A FEW BLOCKS away from Aura’s I made a c
all on my cell phone.
“Hello?” a pleasant voice answered on the seventh ring.
“Tam? It’s LT.”
“Mr. McGill,” she said.
“That open offer for dinner good for tonight?”
“Absolutely. We’re eating at about six-thirty. Timothy will be in maybe an hour before that.”
“I’ll get there as close to six-thirty as I can.”
I got off the phone and shivered like a wet dog.
31
WASTING TIME IS a big problem in the world we live in, that’s for sure. But it doesn’t mean that we necessarily have to know what the goal is for every step we take. Sometimes we do things that are not directly connected and yet are still significant.
These activities, in a life like mine, might at times be dangerous, or even foolhardy; but life, even at its best, is a sucker’s enterprise. No deity would trade places with one of us fool mortals, not even for an instant.

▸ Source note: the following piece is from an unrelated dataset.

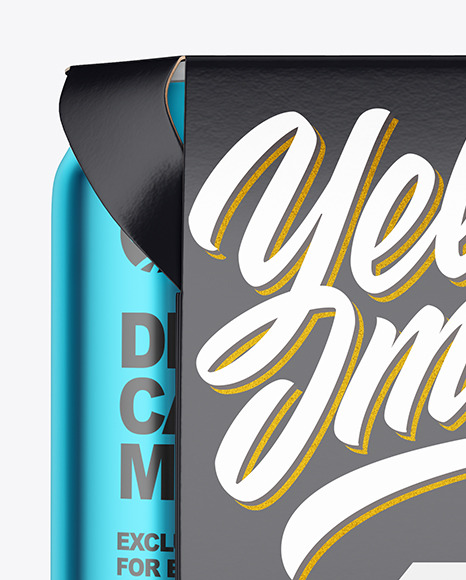 Carton Pack W/ 4 Glossy Metallic Cans Mockup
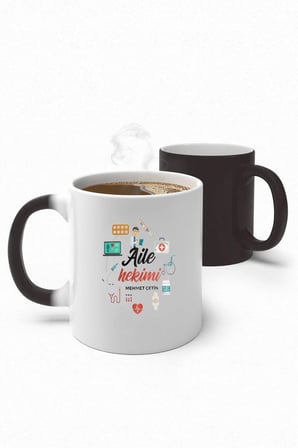 Alya Gift Shop Kişiye Özel Aile Hekimi Sihirli Kupa Bardak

AT 6:24 I knocked at a door to a one-family home on Fifth Avenue not far north of Washington Square Park. It was a fivestory pink affair with dark-green vines growing on the walls. The stairs were greenish marble and the oak door ancient. There were three hidden camera lenses watching me, two from in front and one from the branches of a tree at the sidewalk.
A man answered the door. He was not a centimeter over five nine, with a slender (but not thin) frame, combed short brown hair, and eyes the same tone. His trousers were green and his tan shirt square-cut.
He was wearing an old pair of brown, backless slippers.
“LT,” he said. He even smiled.
Slippers.
I nodded and muttered something that was meant to sound like a greeting.
“Come on in,” the man said, moving backward and gesturing broadly with his left arm.
The foyer, and every other room I had seen in that home, had dark hardwood floors and teal-colored walls.
“Can I take your jacket?” the man asked.
As I shook my head I could hear the thunder of little feet.
“Surprise, Uncle L!” the seven-year-old boy yelled.